So that's all purchased?
Lee Bailey - Vice President, Investor Relations
That's all purchased, that's correct.
Greg Haas - Analyst
Right.
Okay, very good.
And then the other question, it seems to me that the Midwest region had an exceptionally productive quarter in terms of run rate, and I think you indicated that it will be going forward at that level into the fourth quarter.
Is this a record for that and, you know, is there something that in my -- you know, the way I look at it, you think you guys were above rated capacity on that; is that right?
Lee Bailey - Vice President, Investor Relations
We did set a record at Ardmore as far as gas leak production in the fourth quarter and it's from excessive turnaround that we had earlier in the year.
Greg Haas - Analyst
And so into the fourth quarter, we should expect the same sort of level of production then?
Lee Bailey - Vice President, Investor Relations
Well, the one thing you've got to keep in mind at both McKee and Ardmore, we do produce asphalt.
From a seasonality standpoint we see weaker asphalt cracks in the fourth quarter and so there would be some minor reduction and throughputs at Ardmore.
William Greehey - Chairman and Chief Executive Officer
But those refineries ran well.
I mean, they had so unscheduled downtime.
Probably -- we didn't look, but I'm sure it was probably a record for them in the third quarter.
Greg Haas - Analyst
At least as far as I go, you know, in my historicals, I think that's the case.
William Greehey - Chairman and Chief Executive Officer
Right.
Greg Haas - Analyst
The other set of questions, I guess just one really, and I would love to hear how much you can say.
You know, as far as the MTBE outlook goes, I'm curious to know the current capacity of MTBE manufacturing at your plants, and if you can release to us the approximate book value that you have on those right now.
William Greehey - Chairman and Chief Executive Officer
Okay.
Lee Bailey - Vice President, Investor Relations
I could tell you the total capacity is a little over 37,000 barrels a day of MTBE and paying production.
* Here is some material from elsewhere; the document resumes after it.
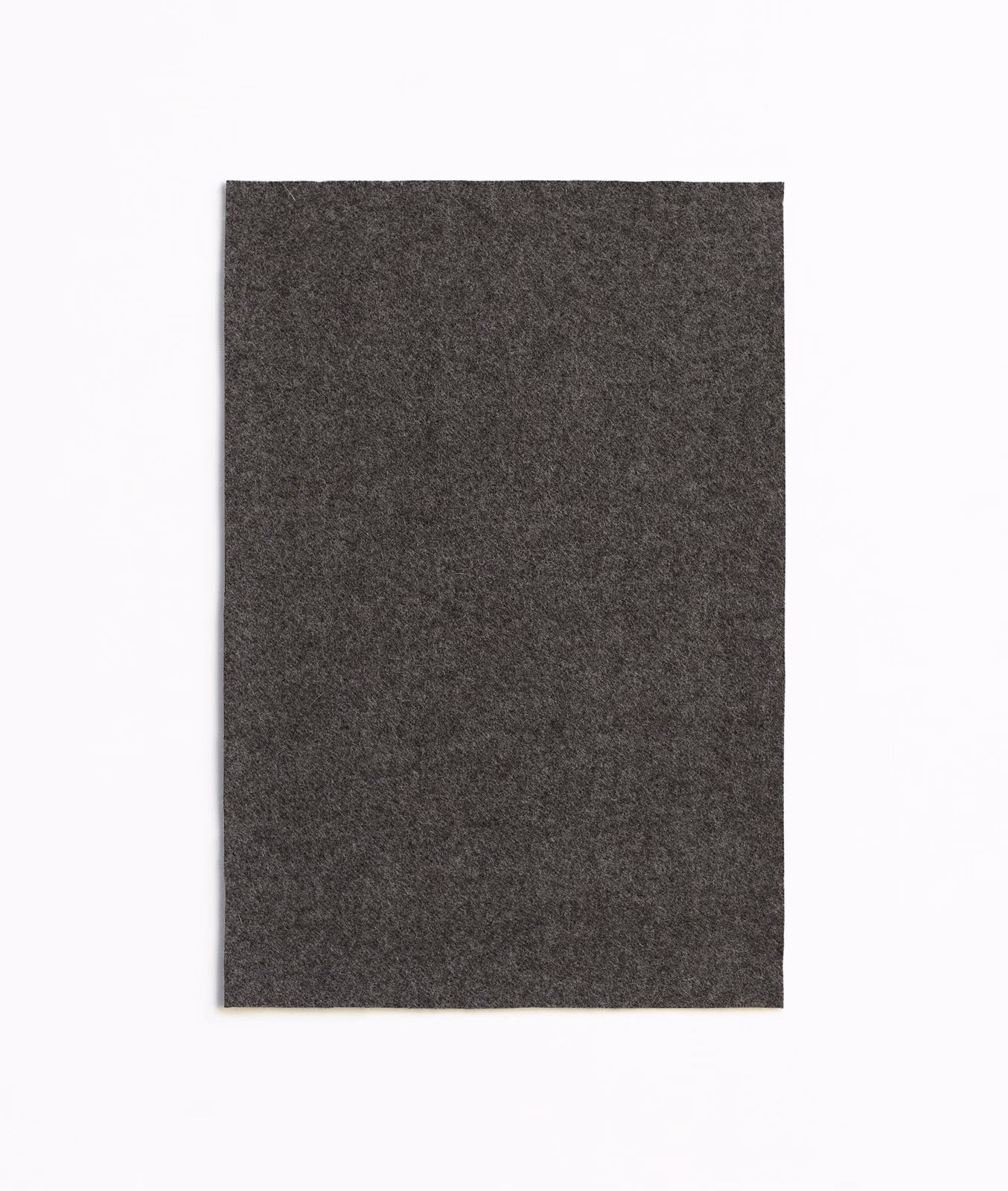 Deep charcoal grey textile swatch with a finely mottled, near-black surface
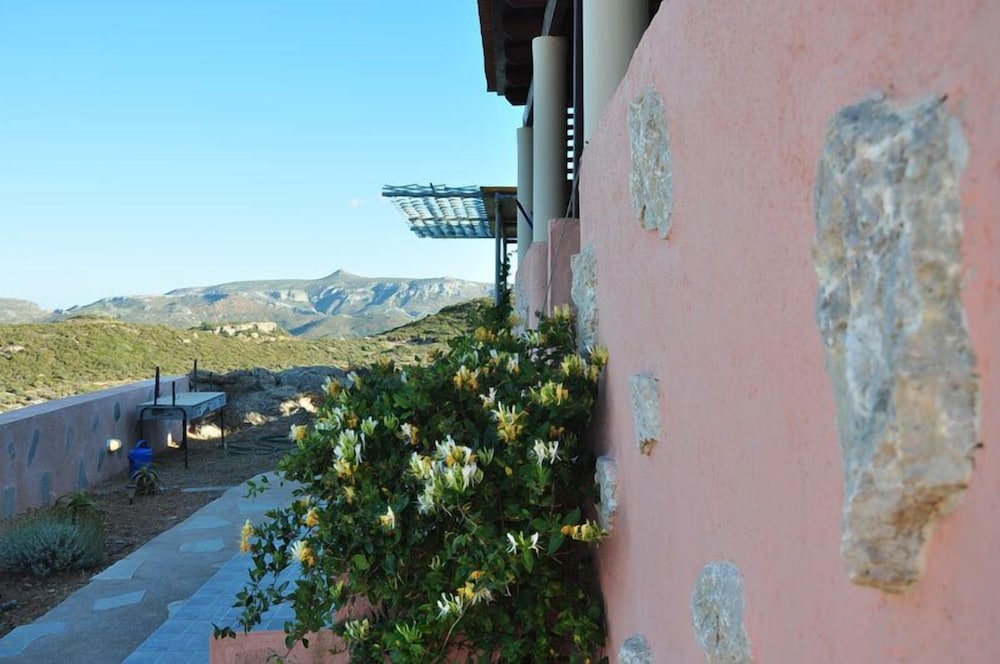 A serene outdoor patio with a pink wall adorned with stone accents overlooks a picturesque mountainous landscape, ideal for travelers seeking a tranquil retreat in a rustic setting.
Now, in the third quarter, we did shut down our MTBE plant at Benicia as part of our car-free gasoline program but we're shutting down the MTBE and expanding the Appalachian unit.
I think going forward, you know, the -- we do plan on converting the Houston plant to iso-octane and we plan to do that late this year, early fourth quarter.
William Greehey - Chairman and Chief Executive Officer
Incidentally, the MTBE plants have made good money this year.
I mean, even now, you know, looking at the blend value, it's still been very, very profitable.
You know, the good news is that, and Greg can comment on that, the energy bill, I mean, we've been concerned about MTBE liability, and the good news is that that is addressed in the energy bill, and you might bring them up to date on that.
Lee Bailey - Vice President, Investor Relations
Yeah.
You know, the energy bill has been stalled for the last several weeks on tax issues, primarily ethanol and the subsidies of the highway trust fund, but liability protection has been our top priority, and we feel good that we're going -- very good about getting that language in the final bill.
The issue has been MTBE ban or no ban.
The Senate wants a ban, the House doesn't.
And so far has not been any discussion about a ban or if there will be a ban, now they talk about maybe 2015.
So things have gone very well on that front with respect to MTBE.
Greg Haas - Analyst
Let me ask just clarification there.
In terms of the protection under the new energy bill that's being, you know, debated, if I understand correctly, it's what you-all are likely seeking is protection from the manufacturer of, I guess MTBE and having that not being considered a defective product, and I think that is pretty close to being agreed to, or is that not accurate?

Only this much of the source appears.